The Philadelphia Magazine Endorsement: Nutter for Mayor

From murder to pay-to-play, it’s time to change the status quo. Only Michael Nutter has the ideas — and sense of urgency — to pull it off

Well, there is one candidate in this race who has, over the years, shown a willingness to take on the entrenched interests and do the people’s business. His name is Michael Nutter, and he’s been on the right side of virtually every public issue the city has faced over the past decade and a half. The Police Advisory Commission, domestic partner benefits legislation, ethics in government, wage tax reduction, the smoking ban — none of it would have happened without former councilman Nutter’s Job-like persistence.

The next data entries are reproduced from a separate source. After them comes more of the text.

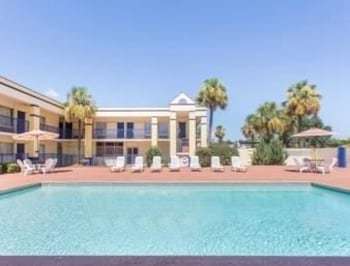 Hotel Days Inn Albany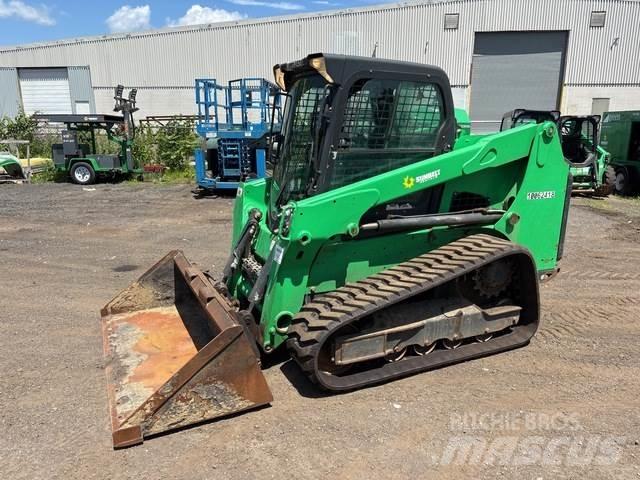 Bobcat T630 Mini incarcator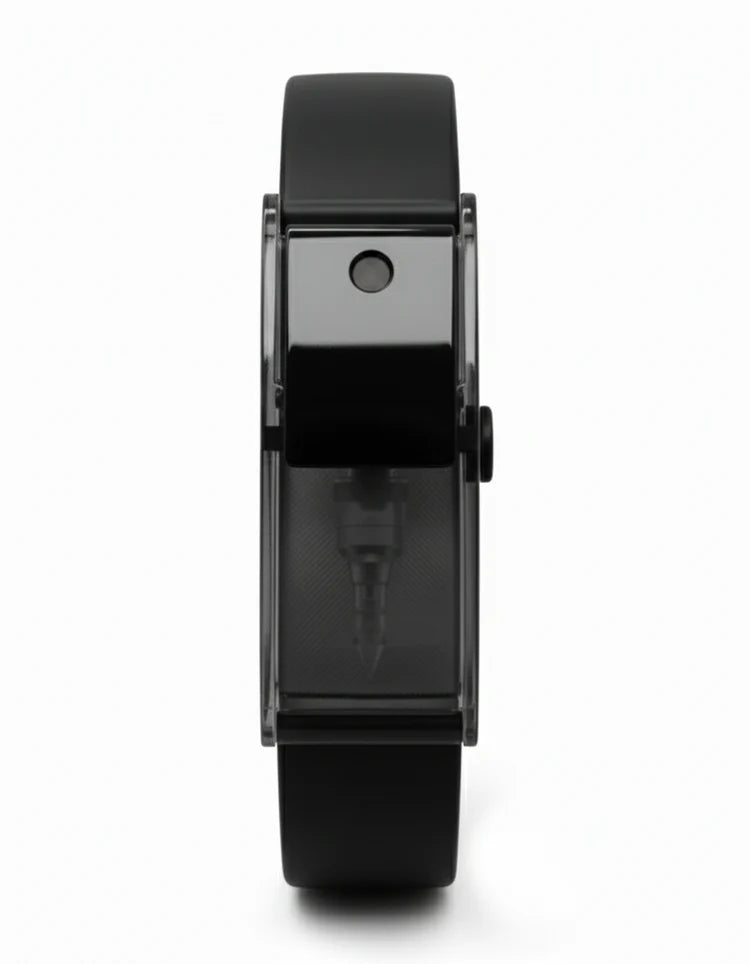 Bracelet vaporisateur de parfum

It is Nutter, and Nutter alone among the political class, who has reacted to the murder crisis as though it is, in fact, a crisis. He would declare a limited state of emergency and implement a legal “Stop, Ask and Frisk” policy that has stemmed murderous tides elsewhere, as documented by renowned Penn criminologist Larry Sherman. Nutter’s plan to combat crime is this campaign season’s boldest and riskiest move by far. His commitment to conducting a national search for the next police commissioner — in contrast to others, like Tom Knox, who signals his fealty to the business-as-usual crowd by pledging to promote from within — is just one more sign of Nutter’s instinct to do the right thing.

The other candidates either don’t measure up in terms of vision, or their strengths are not suited to these times. Dwight Evans projects an aura of leadership, and his revitalization of West Oak Lane, where he has empowered citizens groups to take ownership of their community, is a model for how City Hall can spur an active sense of grassroots populism. But Evans, like Bob Brady for that matter, can suffer from bouts of inarticulateness that threaten the marshalling of public will that’s needed to get things done. Moreover, Evans, a 26-year state legislator, has never been known as a reformer.

Chaka Fattah boldly suggests leasing the airport, but his well-intentioned plans for such a windfall — to wage a local war on ­poverty — smack of big-city, boondoggle liberalism when recent mayoral success stories, from Ed Rendell to Indianapolis’s Stephen Goldsmith, prove that pro-growth strategies expand workforces and fatten tax bases. Fattah is bright and politically savvy, but he is closely aligned with John Street, and we need different leadership and policies.